Why this split is slightly unusual:

  • Most AR sub-datasets use exactly one gold string per question.
  • ruler_qa1_197K is the exception. Every question there stores 3 or 4 answer candidates, and many are duplicated or near-duplicate surface forms.

Examples from ruler_qa1_197K:

  • 1066 vs In 1066
  • Bayeux Tapestry vs the Bayeux Tapestry
  • King Ethelred II vs Ethelred II

Practical implication:

  • Evaluation should treat answers[i] as a candidate set and accept a prediction if it matches any normalized candidate string.
  • A small number of ruler_qa1_197K candidates are not clean paraphrases, so downstream evaluation code should be explicit about normalization and tie-breaking rules.

Test-Time Learning

This split contains 6 examples:

  • recsys_redial_full: 200 questions
  • the remaining 5 sources: 100 questions each

The payload shape is the same as AR, but the semantics are different:

  • the context encodes demonstrations or prior interaction turns
  • the later questions test whether the model learned a task from that context
  • answers are usually labels, classes, or item identifiers rather than free-form spans from the context

The recsys_redial_full example is notably large and uses recommendation item IDs as answers.

Long-Range Understanding

This split contains 110 examples:

  • infbench_sum_eng_shots2: 100 examples, 1 question each
  • detective_qa: 10 examples, between 6 and 10 questions each

This is the most heterogeneous split:

  • infbench_sum_eng_shots2 looks like long-document summarization. The single question typically asks for a long summary, and the single answer is a long reference summary.
  • detective_qa is multi-question comprehension over long contexts.

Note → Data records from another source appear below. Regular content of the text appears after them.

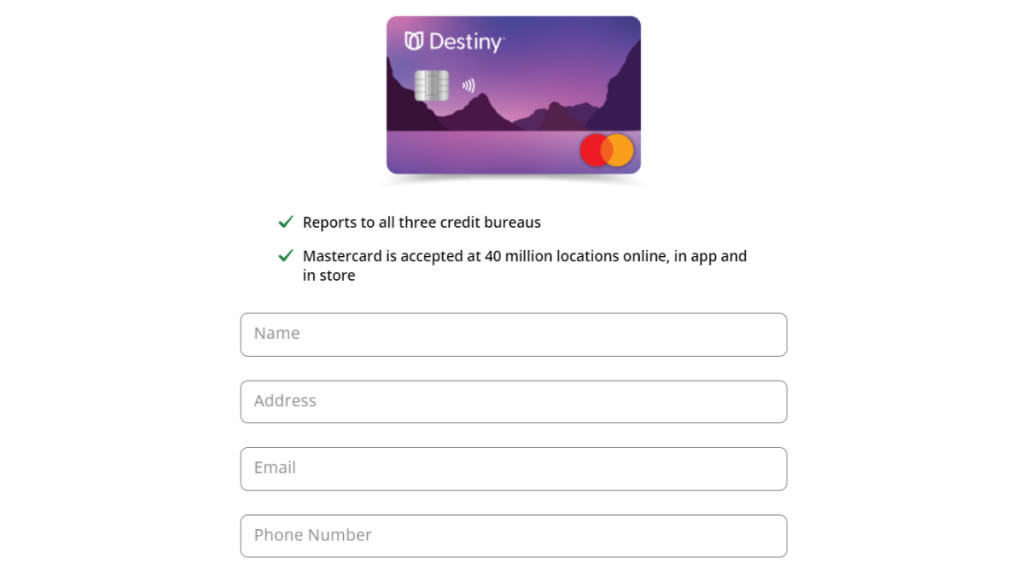 application Destiny Mastercard®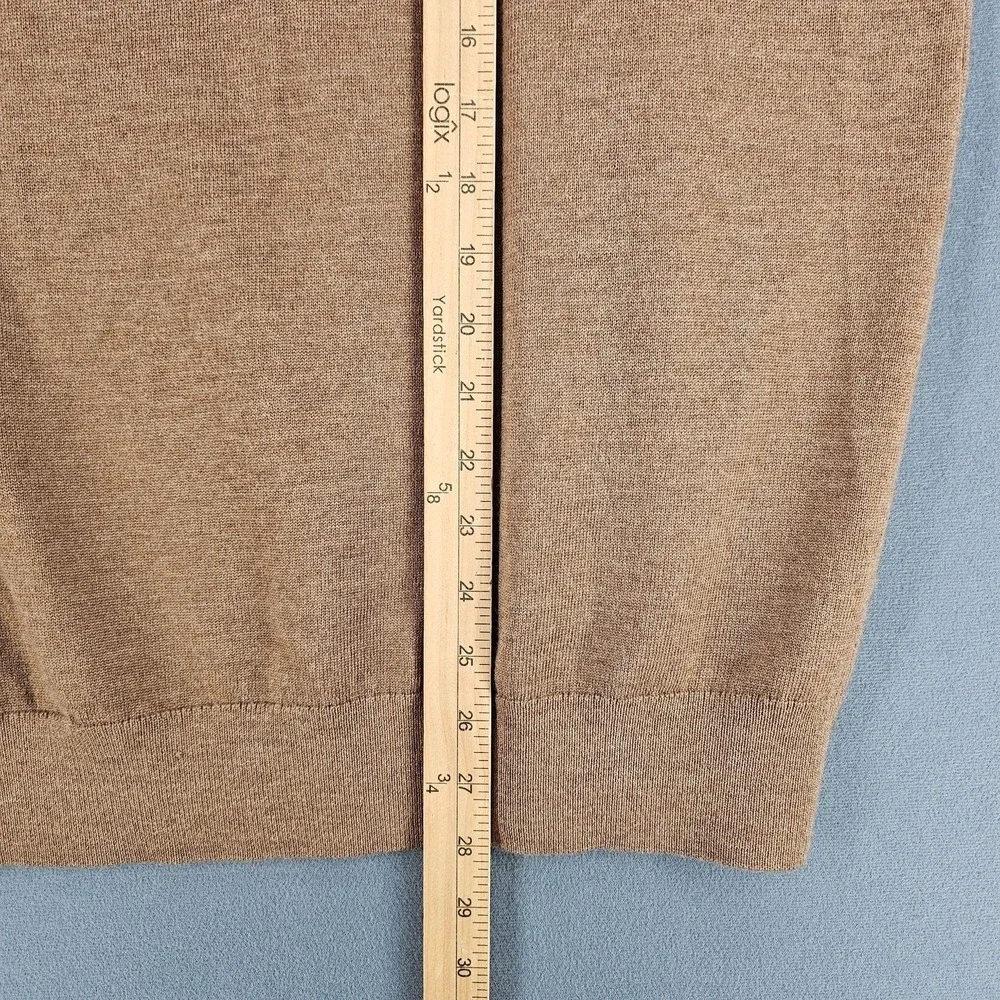 UNTUCKit Sweater Mens Large Brown 1/4 Zip Merino Wool Mock Neck Pullover Knit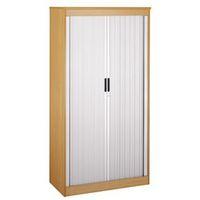 SYSTEM HORIZONTAL TAMBOUR DOOR CUPBOARD BEECH - H X W X D: 1200 X 1020 X 550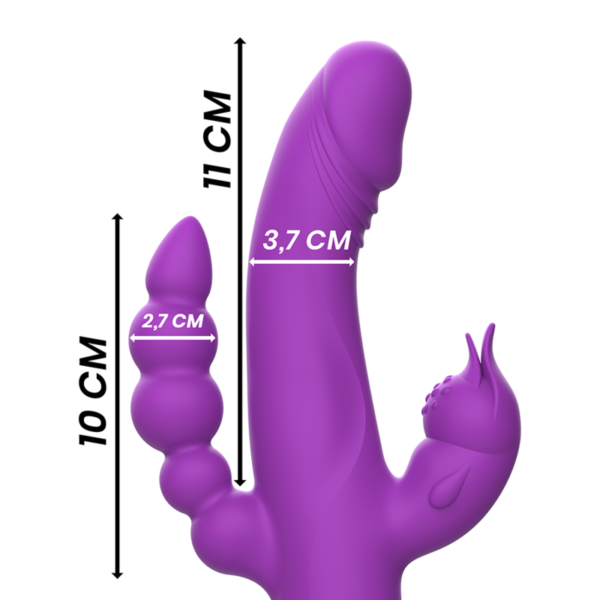 Intense - Casanova Vibrador Rabbit Silicona Triple Motor Morado - Imagen 4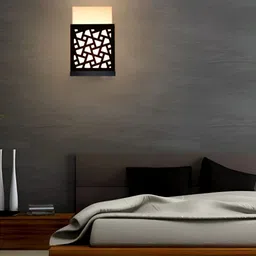 Gojeeva Black & White 4 Pieces Textured Contemporary Wooden Rectangle Shaped Wall Lamp image 3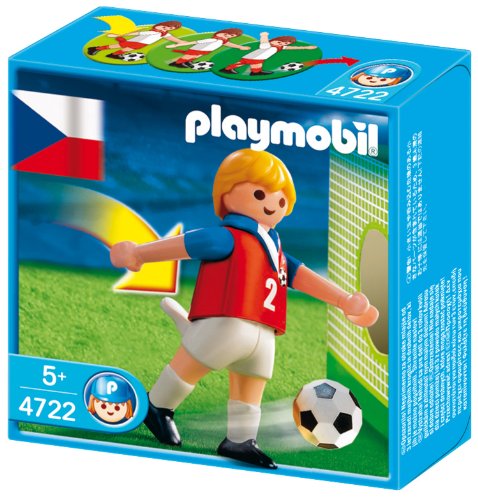 PLAYMOBIL 4722 Fußballspieler Tschechien, mit richtiger Kick-Funktion, Fußball und 3-seitig bespielbarer Papp-Torwand fürs Training, ab 5 Jahren von PLAYMOBIL
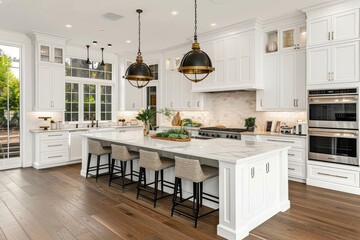 An elegant indoor kitchen featuring sleek white cabinetry, a spacious island, and modern appliances, creating a cozy and functional space for cooking and entertaining in the comfort of home - obrazy, fototapety, plakaty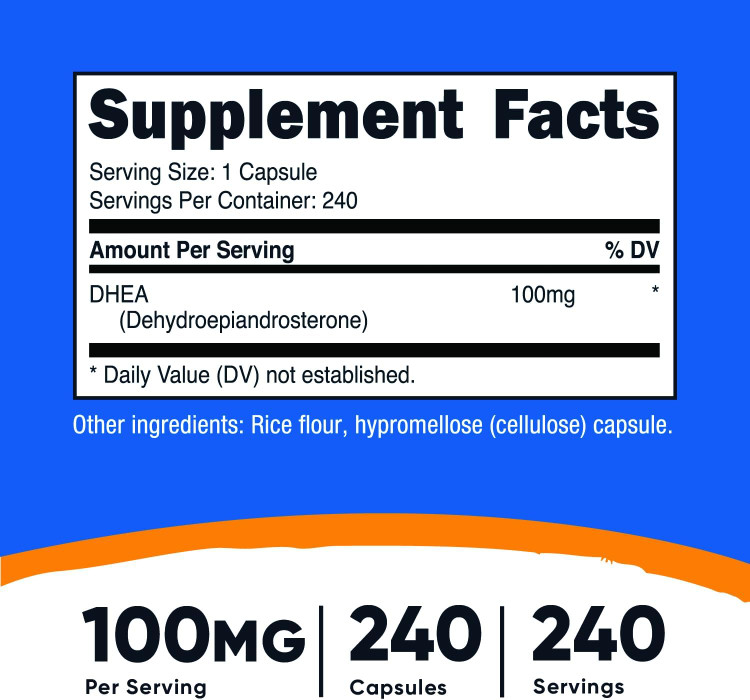 DHEA ناتری کست 50 میلی گرم Nutricost DHEA 100mg, 240 Capsules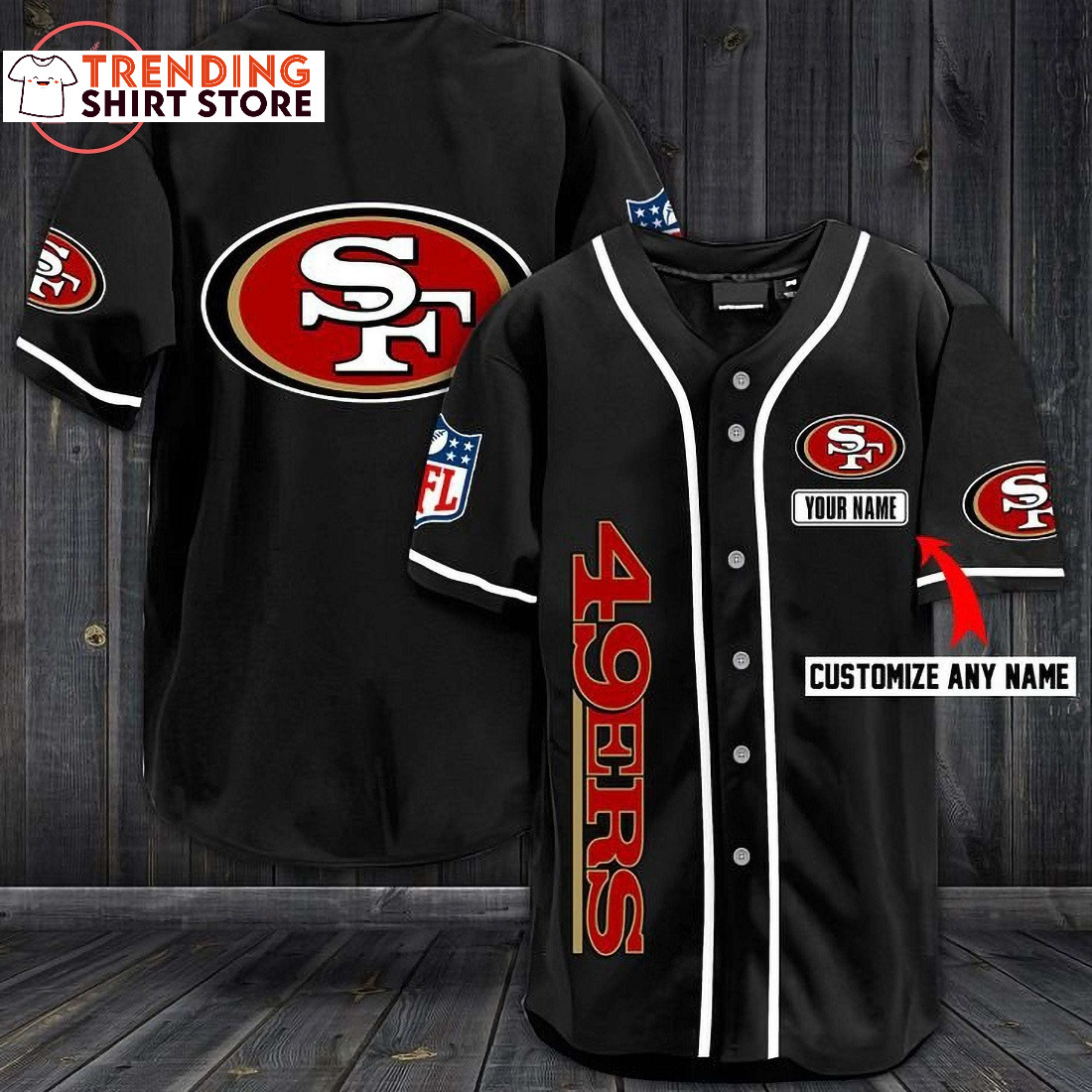 Personalized 49ers Jersey Customizable Name Baseball Jersey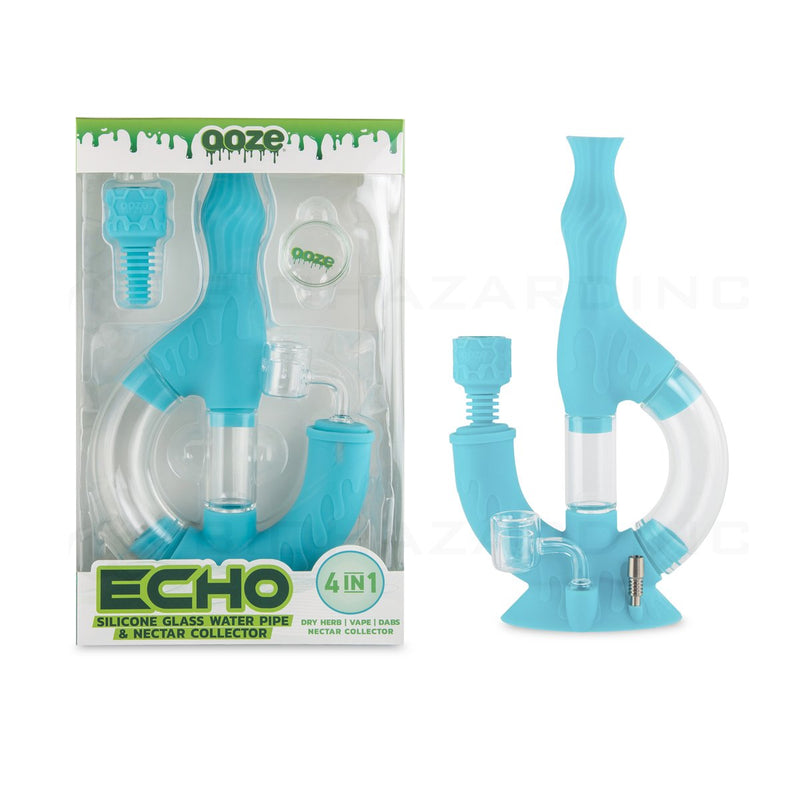 OOZE® | 4-in-1 ECHO Hybrid Silicone Nectar Collector & Water Pipe | Aqua Teal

This split is also the one that makes the heaviest use of metadata:

  • demo provides in-context demonstration material
  • keypoints stores auxiliary reference points for evaluation or inspection

Conflict Resolution

This split contains 8 examples. Every example has 100 questions, and the sources vary by difficulty and context length:

  • factconsolidation_sh_*: single-hop conflict resolution
  • factconsolidation_mh_*: multi-hop conflict resolution
  • suffixes such as 6k, 32k, 64k, and 262k indicate different context length settings

Compared with AR, the challenge here is not only locating a fact but deciding which fact is still current after later evidence updates or overrides earlier statements.

Practical Usage Notes

Load the dataset

from datasets import load_dataset

dataset = load_dataset("ai-hyz/MemoryAgentBench")

accurate_retrieval = dataset["Accurate_Retrieval"]
test_time_learning = dataset["Test_Time_Learning"]
long_range_understanding = dataset["Long_Range_Understanding"]
conflict_resolution = dataset["Conflict_Resolution"]

Iterate safely over questions and answers

Because the dataset is row-oriented, most consumers will want to flatten each row into per-question records:

for row in dataset["Accurate_Retrieval"]:
    for question, answer_candidates in zip(row["questions"], row["answers"], strict=True):
        source = row["metadata"]["source"]
        # Compare your prediction against any normalized candidate in
        # `answer_candidates`.

Treat each answers[i] as a set of acceptable gold strings, not as a single canonical answer. This matters most for ruler_qa1_197K, but using the same rule across all splits keeps the logic uniform.

Treat metadata as sparse and source-specific. Code should use defensive access patterns such as row["metadata"].get("question_types") instead of assuming every field exists for every source.